*** Entries shown Section Begins ***
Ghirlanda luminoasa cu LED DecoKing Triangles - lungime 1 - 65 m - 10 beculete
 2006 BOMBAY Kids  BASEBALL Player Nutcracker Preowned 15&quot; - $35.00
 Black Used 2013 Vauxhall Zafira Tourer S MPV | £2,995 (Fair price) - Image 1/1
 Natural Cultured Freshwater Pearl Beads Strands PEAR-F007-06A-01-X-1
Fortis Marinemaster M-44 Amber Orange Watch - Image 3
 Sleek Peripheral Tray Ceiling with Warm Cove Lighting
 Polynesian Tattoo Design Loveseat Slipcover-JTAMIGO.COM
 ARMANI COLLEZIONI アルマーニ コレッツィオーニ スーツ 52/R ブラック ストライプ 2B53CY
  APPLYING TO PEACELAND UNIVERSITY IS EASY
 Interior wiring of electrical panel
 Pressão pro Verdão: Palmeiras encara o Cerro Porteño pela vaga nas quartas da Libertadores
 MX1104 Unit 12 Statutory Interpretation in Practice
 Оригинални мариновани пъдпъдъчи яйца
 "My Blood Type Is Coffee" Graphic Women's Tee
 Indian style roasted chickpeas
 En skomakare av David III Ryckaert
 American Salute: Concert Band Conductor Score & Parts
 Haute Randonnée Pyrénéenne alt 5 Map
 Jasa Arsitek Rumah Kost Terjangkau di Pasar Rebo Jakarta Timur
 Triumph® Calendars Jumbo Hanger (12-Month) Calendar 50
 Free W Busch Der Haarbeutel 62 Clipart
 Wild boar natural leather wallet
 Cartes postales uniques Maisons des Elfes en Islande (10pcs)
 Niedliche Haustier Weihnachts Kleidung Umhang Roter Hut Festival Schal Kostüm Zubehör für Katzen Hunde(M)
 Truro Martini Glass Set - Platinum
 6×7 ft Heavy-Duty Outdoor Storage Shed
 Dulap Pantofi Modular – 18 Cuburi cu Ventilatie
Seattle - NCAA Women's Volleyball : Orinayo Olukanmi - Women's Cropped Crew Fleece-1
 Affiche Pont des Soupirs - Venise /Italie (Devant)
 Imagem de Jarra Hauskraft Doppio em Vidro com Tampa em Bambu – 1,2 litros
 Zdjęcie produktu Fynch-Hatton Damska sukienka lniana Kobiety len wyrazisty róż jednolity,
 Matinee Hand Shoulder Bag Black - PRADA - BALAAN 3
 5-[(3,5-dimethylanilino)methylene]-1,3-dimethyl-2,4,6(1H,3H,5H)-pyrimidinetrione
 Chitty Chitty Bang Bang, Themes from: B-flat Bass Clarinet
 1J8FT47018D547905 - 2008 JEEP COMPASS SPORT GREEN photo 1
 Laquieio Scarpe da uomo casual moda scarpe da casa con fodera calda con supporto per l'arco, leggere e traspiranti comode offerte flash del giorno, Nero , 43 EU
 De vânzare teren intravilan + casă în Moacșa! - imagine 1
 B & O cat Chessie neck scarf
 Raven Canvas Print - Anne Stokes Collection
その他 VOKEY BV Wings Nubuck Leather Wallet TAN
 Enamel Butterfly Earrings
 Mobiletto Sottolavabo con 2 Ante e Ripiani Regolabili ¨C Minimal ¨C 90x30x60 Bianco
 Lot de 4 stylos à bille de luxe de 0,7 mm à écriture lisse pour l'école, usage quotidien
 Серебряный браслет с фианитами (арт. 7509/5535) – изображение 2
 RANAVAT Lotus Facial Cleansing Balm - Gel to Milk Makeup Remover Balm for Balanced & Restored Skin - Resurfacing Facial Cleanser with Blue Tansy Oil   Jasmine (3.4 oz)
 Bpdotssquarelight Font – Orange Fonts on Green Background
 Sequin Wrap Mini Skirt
*** Entries shown Section Ends ***
Search the entries above for lines containing the word "Black", and copy each one.

* _Output below_:
 Black Used 2013 Vauxhall Zafira Tourer S MPV | £2,995 (Fair price) - Image 1/1
 Matinee Hand Shoulder Bag Black - PRADA - BALAAN 3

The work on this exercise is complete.